I mean really. I'm not stressed out because I'm overly materialistic, or because I'm trying to get the $14.99 diamond tennis bracelet even though I have no one to give it to just because it's on sale, and how dare that lady buy the last one. I'm not stressed out because I think that the youngest one deserves or is somehow entitled to a Robosapien even though there will be 100,000 other presents under the tree. And frankly, I resent just a bit the stay-at-home mom who spends the holiday season baking cookies and shopping while the rest of us are at work so that she is done the first week of December, and only has one child, then has the gall to act all superior about it.

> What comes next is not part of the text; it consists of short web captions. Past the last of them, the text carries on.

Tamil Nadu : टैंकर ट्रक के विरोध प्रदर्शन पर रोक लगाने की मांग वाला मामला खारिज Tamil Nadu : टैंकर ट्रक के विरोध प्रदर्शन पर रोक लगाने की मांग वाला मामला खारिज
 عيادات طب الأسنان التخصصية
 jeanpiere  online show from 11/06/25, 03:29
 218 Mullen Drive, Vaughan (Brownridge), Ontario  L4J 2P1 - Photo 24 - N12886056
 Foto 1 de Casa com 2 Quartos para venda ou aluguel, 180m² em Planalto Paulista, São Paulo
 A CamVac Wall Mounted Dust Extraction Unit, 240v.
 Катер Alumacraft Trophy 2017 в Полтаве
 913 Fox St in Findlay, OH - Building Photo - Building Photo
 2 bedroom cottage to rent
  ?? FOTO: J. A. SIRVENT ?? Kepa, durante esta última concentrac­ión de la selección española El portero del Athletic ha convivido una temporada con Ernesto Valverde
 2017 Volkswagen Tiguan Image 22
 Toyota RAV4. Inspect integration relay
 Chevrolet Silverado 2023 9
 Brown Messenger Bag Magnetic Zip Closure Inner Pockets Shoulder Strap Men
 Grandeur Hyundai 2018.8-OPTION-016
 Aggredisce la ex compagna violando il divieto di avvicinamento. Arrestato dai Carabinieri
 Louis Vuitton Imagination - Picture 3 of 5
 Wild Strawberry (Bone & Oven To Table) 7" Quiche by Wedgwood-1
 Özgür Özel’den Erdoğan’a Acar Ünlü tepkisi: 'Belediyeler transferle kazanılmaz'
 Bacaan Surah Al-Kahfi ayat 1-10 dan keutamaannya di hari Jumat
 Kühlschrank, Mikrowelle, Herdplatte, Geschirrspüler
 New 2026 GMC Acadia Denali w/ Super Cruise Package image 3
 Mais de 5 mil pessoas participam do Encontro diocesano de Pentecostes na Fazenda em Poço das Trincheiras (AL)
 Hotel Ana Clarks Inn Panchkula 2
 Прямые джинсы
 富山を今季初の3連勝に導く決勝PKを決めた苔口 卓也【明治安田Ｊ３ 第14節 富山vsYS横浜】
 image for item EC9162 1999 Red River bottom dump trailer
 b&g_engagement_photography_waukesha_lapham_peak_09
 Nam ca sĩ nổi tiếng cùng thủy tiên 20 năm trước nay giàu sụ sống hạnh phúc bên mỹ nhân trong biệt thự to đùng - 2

It's not that I don't think that the cookie baking and time with children is important. I do. In fact, one of my goals for 2011 is to have more of that.
It's that those things are important, and I have to do them while working full time. This season, more than any other, is when being a stay-at-home mom is a full time job, especially with three kids. I am not stressed out because I'm trampling people to get the best deal at Walmart. I'm stressed out because my parents are coming to visit, and Kathy's mom is coming to visit, and I think it's important for kids that Christmas is somewhat magical and different. I think they deserve a tree, which takes a full day to set up (Kathy was right!). I'm stressed out because my family makes fondue every year on Christmas Eve, and that is a really labor-intensive process. And it's great if someone can sail through the holidays with peace and joy and a minimum of stress. Hooray for you. But I can't.
So yes, I am stressed out about getting the Robosapien. But that is because it is the only thing the poor kid asked Santa for. And if you think I am being psychotic about the Robosapien, then you go explain to a small child why they didn't get it, and you answer the questions about why Santa likes the siblings more, and you think up a response to "Was I bad this year?" that a five year old can understand. But I'm not prepared to ruin Santa because I was too busy working to get the freaking Robosapien.
So. Why am I stressed out? Because I value the magic of Santa, and time together with family that lives far away, and carrying on holiday traditions from my childhood. And actually, I don't think I've missed the point of the holiday season at all. In fact, I think I've got it exactly right.